Personally I think it is a bit strange that (-1).to_s(2) does not give the binary representation of -1 but if Ruby is doing the same then it is better to stick with this.
For how many ‘F’ I want, it would depend on the type of -1 (int32 or int64 for instance).
I can get what I want by doing this: (0_u32 -1).to_s(16), but it would be better to have something that works for any integer type.

You’re actually mixing up two completely different concepts.
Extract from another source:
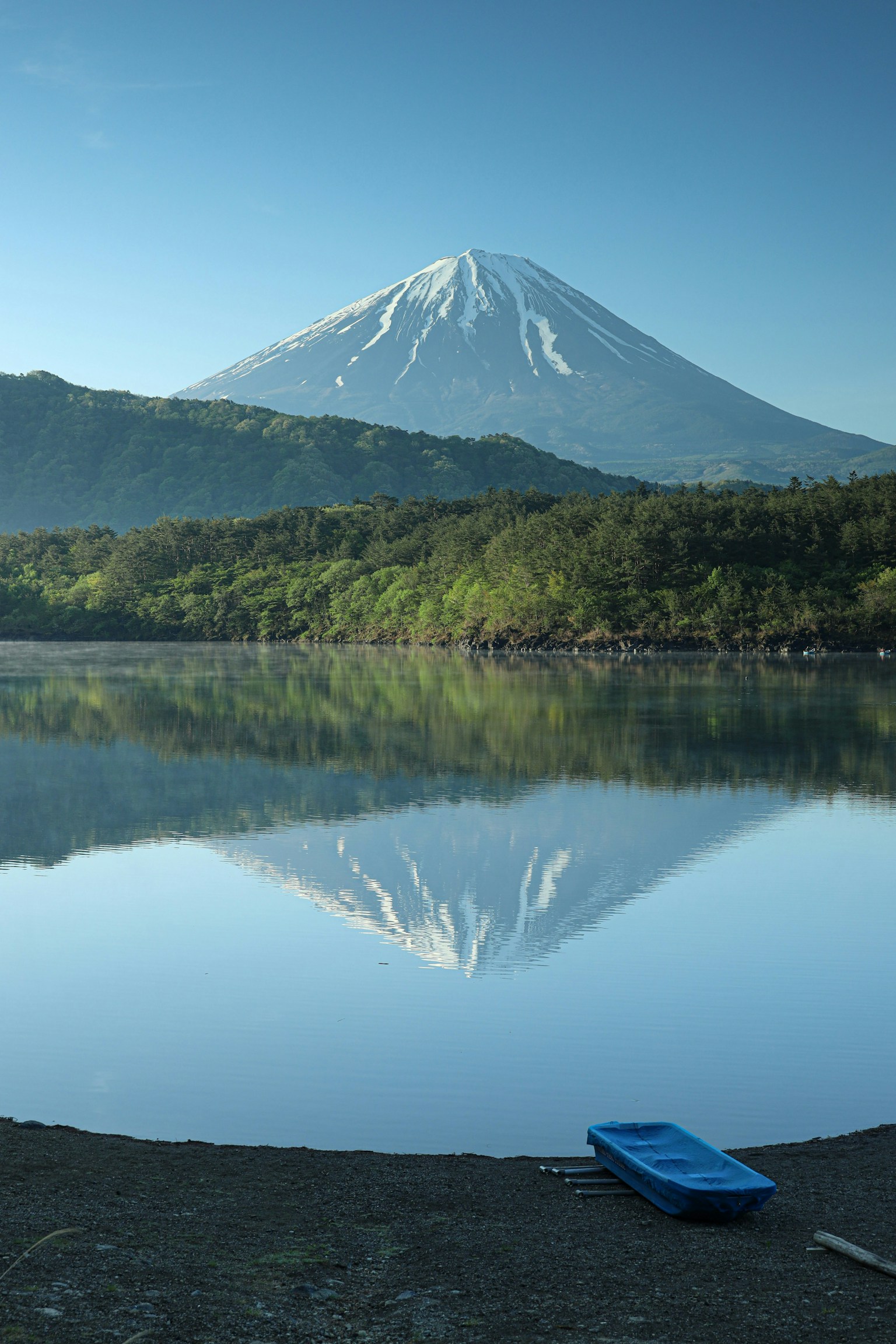 2025-06-summer-water-reflection-image-8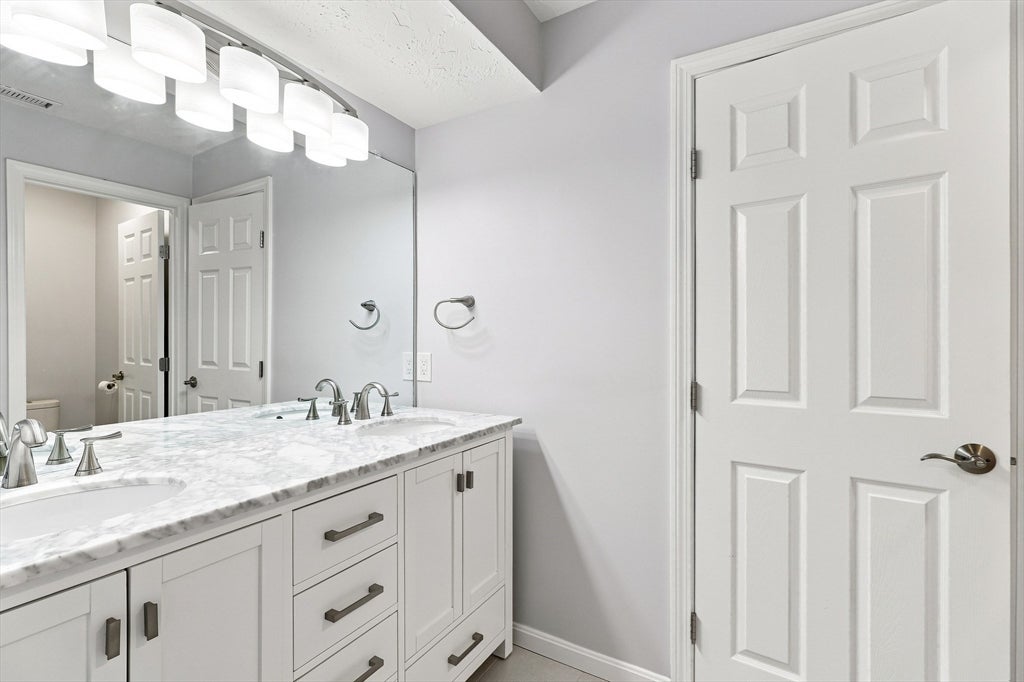78 Pointe Rok Drive #78, Worcester, MA Photo #19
A binary number is just a number expressed in base-2 notation. Apart from the digits, everything else is exactly the same as in other number systems like decimal or hexadecimal. For example, negative numbers are obviously prefixed by a minus sign.
The decimal number -1 expressed as binary number is also just -1. The hexadecimal value FFFF FFFF FFFF FFFF is just a simple number, equivalent to decimal 18446744073709551615.
These conversions are all handled by .parse and #to_s methods on Crystal’s number types.

When you expect FFFF FFFF FFFF FFFF to mean -1, you’re actually talking about a integer data type representation which uses the two’s complement to encode a signed number. This is just a specific data format used to represent arbitrary values (in this case: a signed integer) as binary data.
This encoding is usually handled by Crystal internally and you don’t actually see it, but it can be explicitly used with the IO::ByteFormat type.